NONCOMPLIANT  $Id: NONCOMPLIANT,v 1.2 2005/06/10 08:33:26 andrewm Exp $

This file is the hall of shame for software that doesn't honour DNS TTL values.
This means that they will keep old values indefinitely, and try to contact the
wrong site.  It's not your fault.  Buggy software like this should be fixed.

 - Various HTTP proxies
 - Kerio Mailserver (tested Linux, version 6.0.9)
 - Microsoft Exchange 5.5
 - nscd with "enable-cache  hosts  no" (Linux)
 - Sun java --rumour (versions?)





VARIOUS (UNIDENTIFIED) HTTP PROXIES

  The violation of DNS TTLs by HTTP Proxy software and ISPs ("On the
  Responsiveness of DNS-based Network Control")

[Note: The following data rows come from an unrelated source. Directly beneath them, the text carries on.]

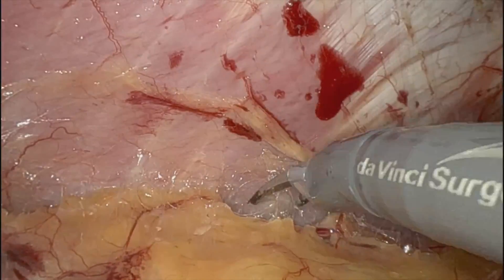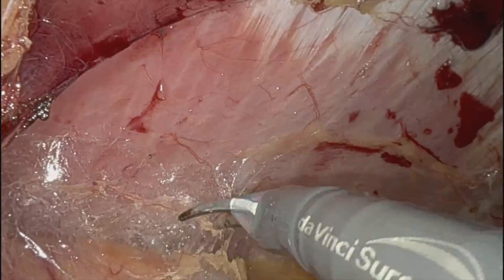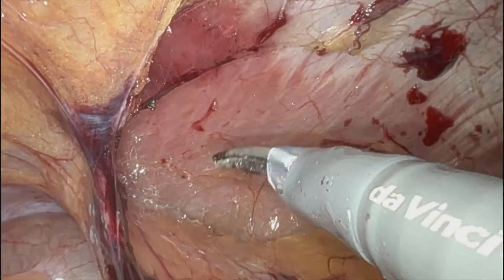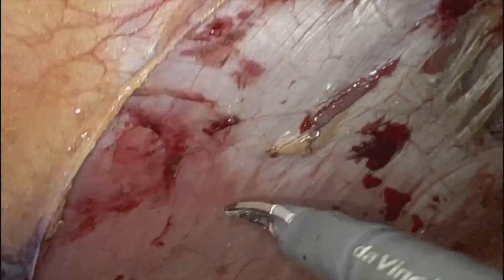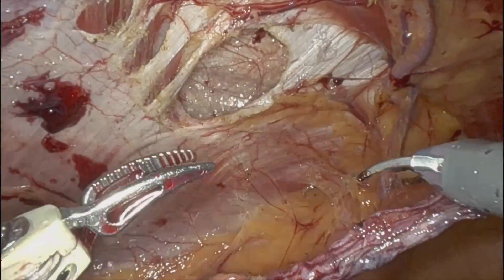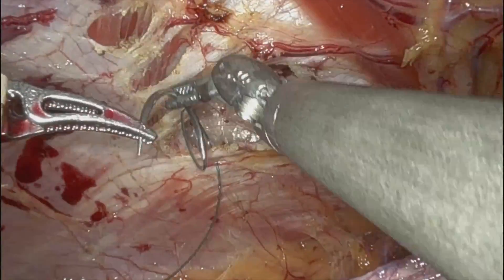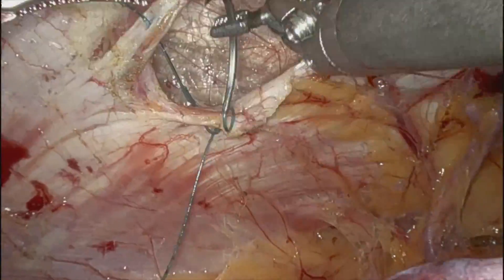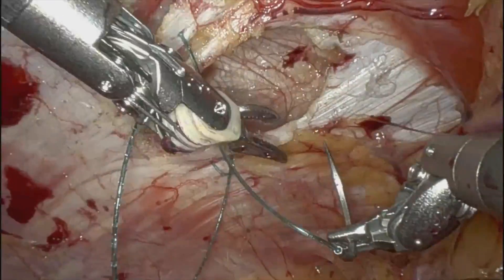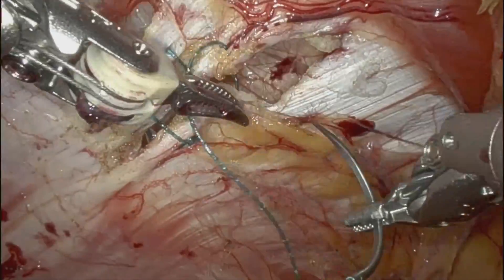Still working on this pocket, just eyeballing it to make sure that my extra-large 3D Max mesh is going to fit here. I always close the primary defects with spigelians, because the tendency here — it's not bound by anything other than the rectus and the oblique — so they tend to get larger even in the setting of mesh placement.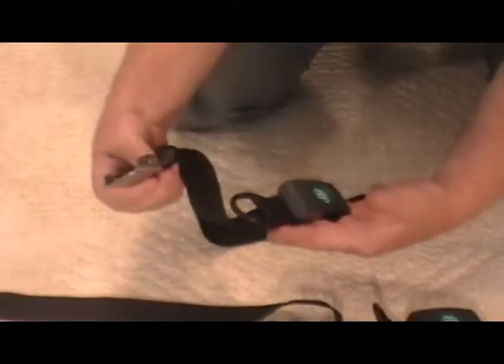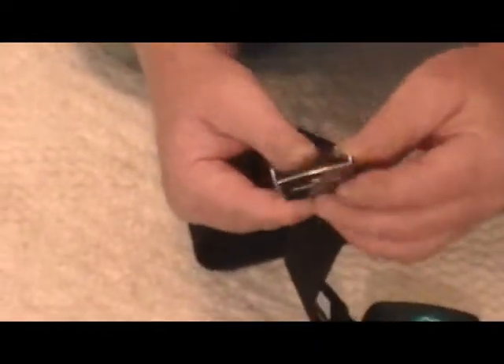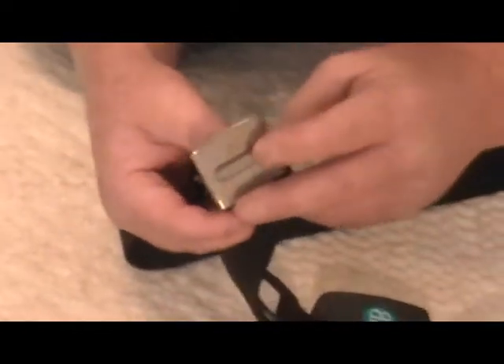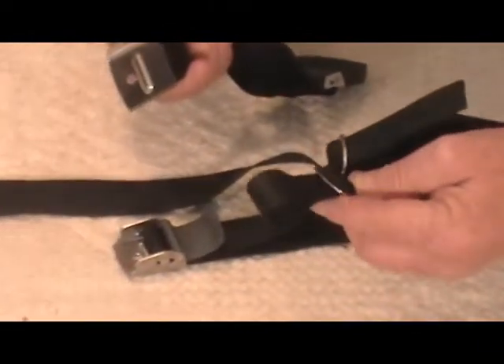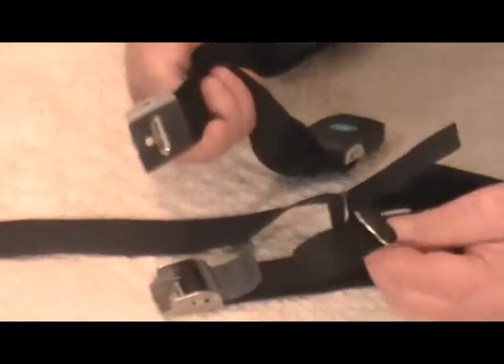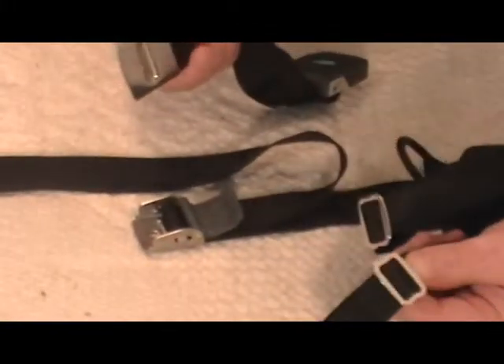The buckle of the Securiti attaches to the wheelchair via this bracket. This attaches to the aluminum back of a wheelchair. If you don't have an aluminum back or a good secure point to attach this buckle to, we can also accommodate the steel cinch buckle that will take the place of this bracket. These straps are installed on the cane itself and cinched down.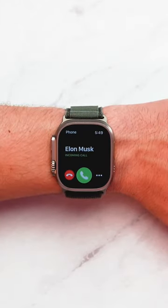And you'll silence the call on your iPhone too. Perfect for when you don't want to talk to somebody, but don't want to send them to voicemail either.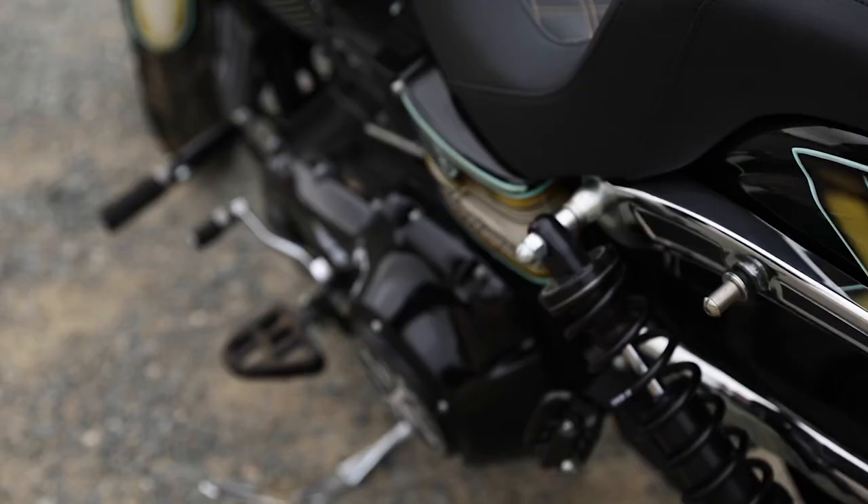A lot of the wheelie guys like it. Super comfy seat — doesn't have too much scoop on it where you feel like you're slouching back on your bike. Just has a really nice feel to it. We offered a bunch of different colors and it just turned out really nice looking. I'm really excited about this seat.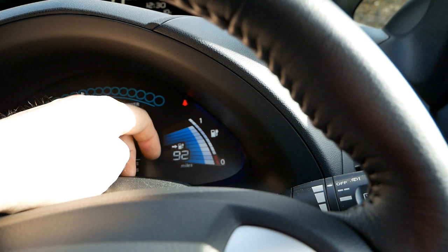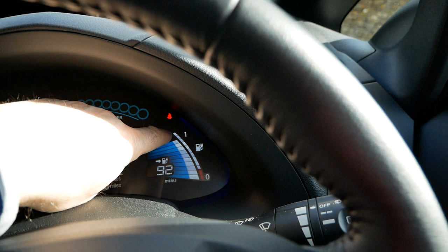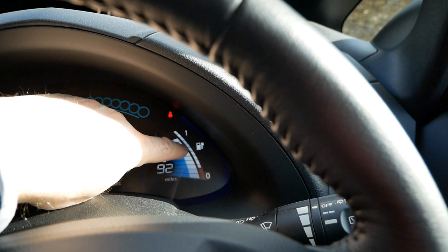The little bars on the far side show your battery state of health. You've got 12 bars — 12 out of 12 means your battery is good, and as the battery degrades slowly these drop. On the other side is your battery temperature.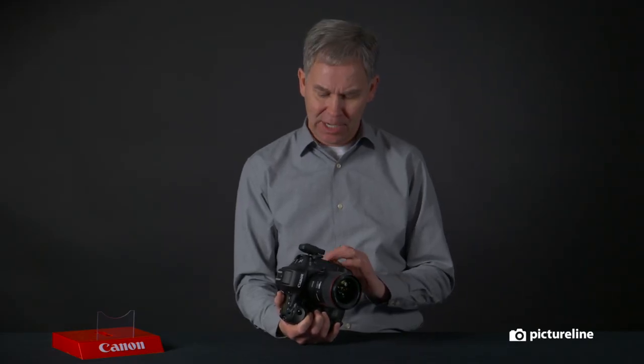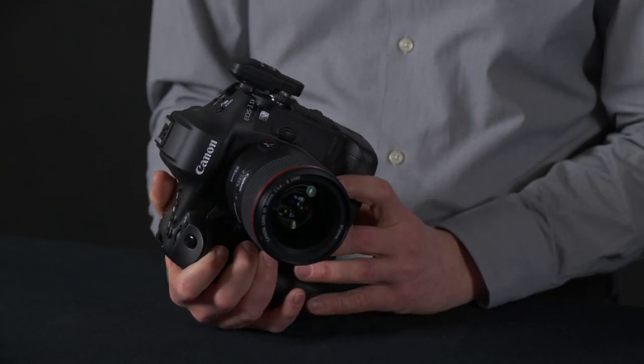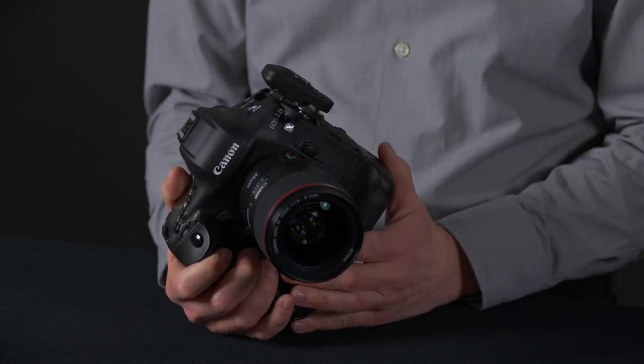The camera already has built-in Wi-Fi and Bluetooth, so now you can shoot to your iOS devices, you can shoot to your computer, your smartphones, and you can actually use the Canon app to control the camera as well with what's built into the camera.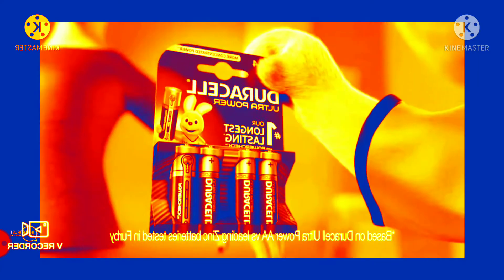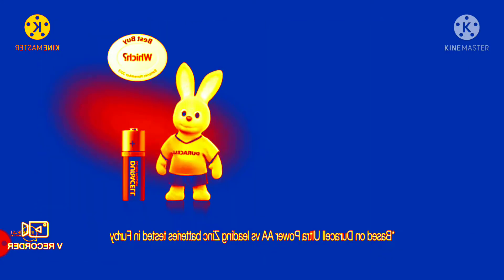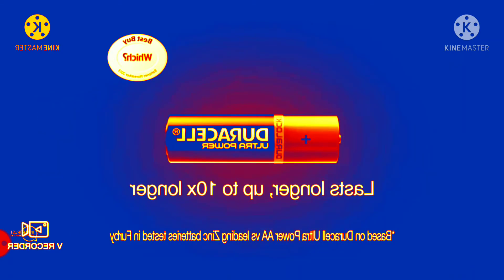Just one pack of Gerasil can keep your Furby happy for up to 10 times longer! Gerasil Ultra Power can outlast up to 10 Leading Brand Batteries — Gerasil Ultra Power lasts longer, up to 10 times longer!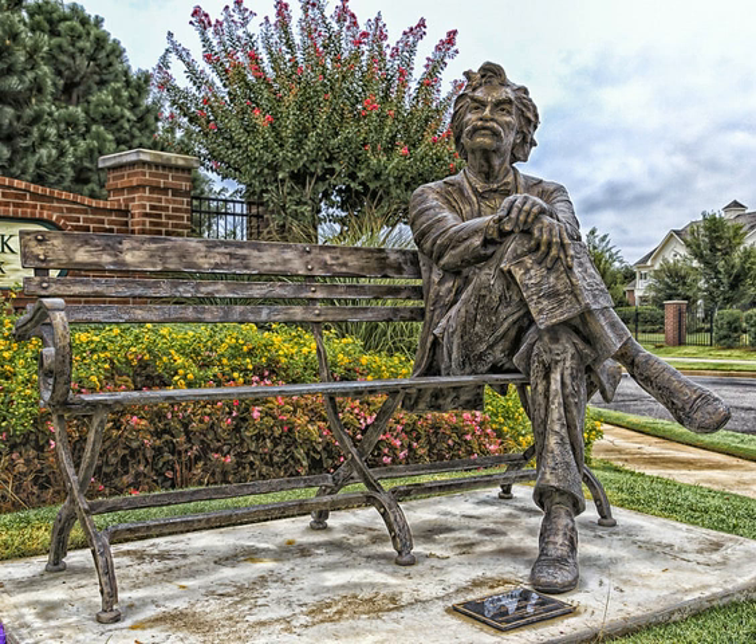I thought the matter over, and concluded I could do it. So I went down and bought a barrel of pond's extract and a bicycle. The expert came home with me to instruct me. We chose the back yard for the sake of privacy and went to work. Mine was not a full-grown bicycle, but only a Colt — a 50-inch, with the pedals shortened up to 48, and skittish like any other Colt. The expert explained the thing's points briefly, then got on its back and rode around a little, to show me how easy it was to do.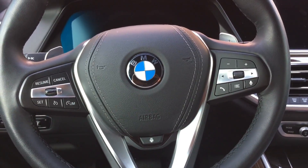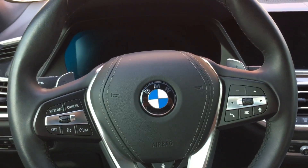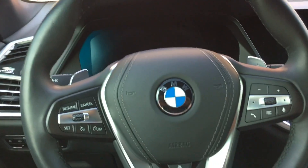How are you guys doing today? Thanks for tuning in. In this video I will be going over how to successfully pair up an Apple iPhone to the 2019 and newer BMW X5.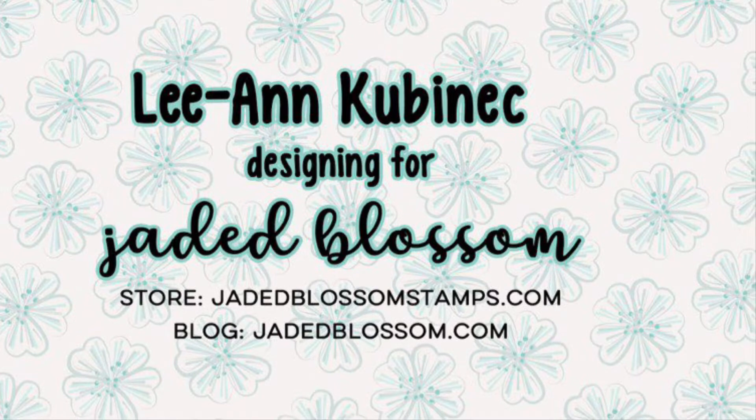Hi everyone, Leanne here from Jaded Blossom and it is day two of our February release.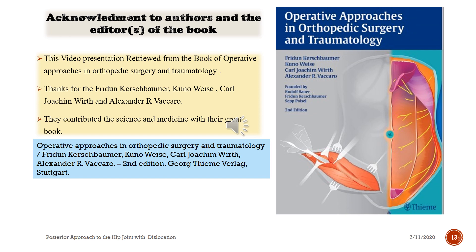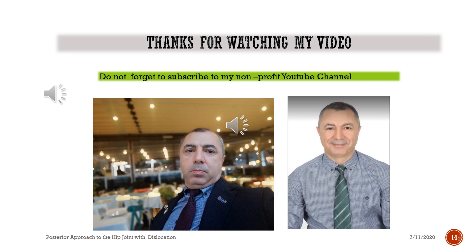This video presentation is retrieved from the book Operative Approaches in Orthopaedic Surgery and Traumatology by Fridun Kirschbarmer, Kuno Wieser, Karl Joachim Wierth, and Alexander Avacaro. 2nd edition, Georg Thieme Verlag, Stuttgart. Thanks for watching. Do not forget to subscribe to my non-profit YouTube channel.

  http://www.imconf.net/imc-2004/papers/p21-pang.pdf





KERIO MAIL SERVER kerio-mailserver-6.0.9-linux

Summary: Ignores DNS TTL, caches record indefinitely (it seems)
Mitigation: None, it seems
Aggravation: They have had DNS poision problems on their other products
Workaround: Restart kerio mail server
Workaround: ipconfig /flushdns (on windows -- untested -- let me know if it
	works)
Fix available: Fixed in version 6.1 (available circa July 2005)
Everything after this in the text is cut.